In a speech that touched both on the economic outlook and the Fed's new policy framework, Powell took pains to note that risks from inflation remain "tilted to the upside," saying that tariff-related inflation pressures "are now clearly visible." "We expect those effects to accumulate over [the] coming months," Powell said, "with high uncertainty about timing and amounts. The question that matters for monetary policy is whether these price increases are likely to materially raise the risk of an ongoing inflation problem." Powell added on inflation that the Fed "will not allow a one-time increase in the price level to become an ongoing inflation problem."So that means Powell and the Fed is aware of what a lot of us have been noticing in the last month – inflation is likely to pick up as companies pass on tariff costs and other higher expenses to consumers. That was reiterated in an otherwise upbeat survey of businesses by S&P that came out this week, where all sorts of firms reported significant price pressures.

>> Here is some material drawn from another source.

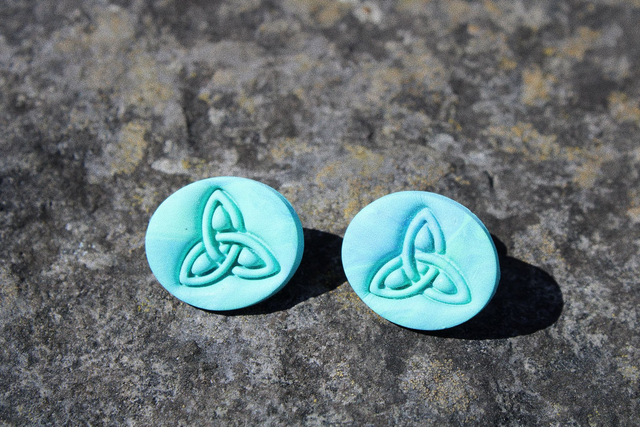Aran &#039;Triquetra&#039; earrings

Tariffs were reported as the key driver of further cost increases in August. Companies across both manufacturing and service sectors collectively reported the steepest rise in input prices since May and the second-largest increase since January 2023. Rates of increase accelerated in both sectors. While the manufacturing cost rise was especially large, being the second-steepest since August 2022, the service sector increase was the second-highest since June 2023. Average prices charged for goods and services rose at the sharpest rate since August 2022 as firms passed higher costs on to customers. Although goods price inflation cooled slightly for a second month in a row, it remained among the highest seen over the past three years. Service sector price inflation meanwhile was the sharpest since August 2022.“Highest price inflation since 2022” isn’t something that you want to hear, as year-over-year inflation peaked at 9.1% in June of that year. And much of that 2022 inflation was due to gas being at $4-$5 a gallon back then, not the sub-$3 levels we've been seeing in Wisconsin these days. Would that mean the Fed might they not cut rates next month, when most of us thought they would? Well, there’s the matter of the stalling job market.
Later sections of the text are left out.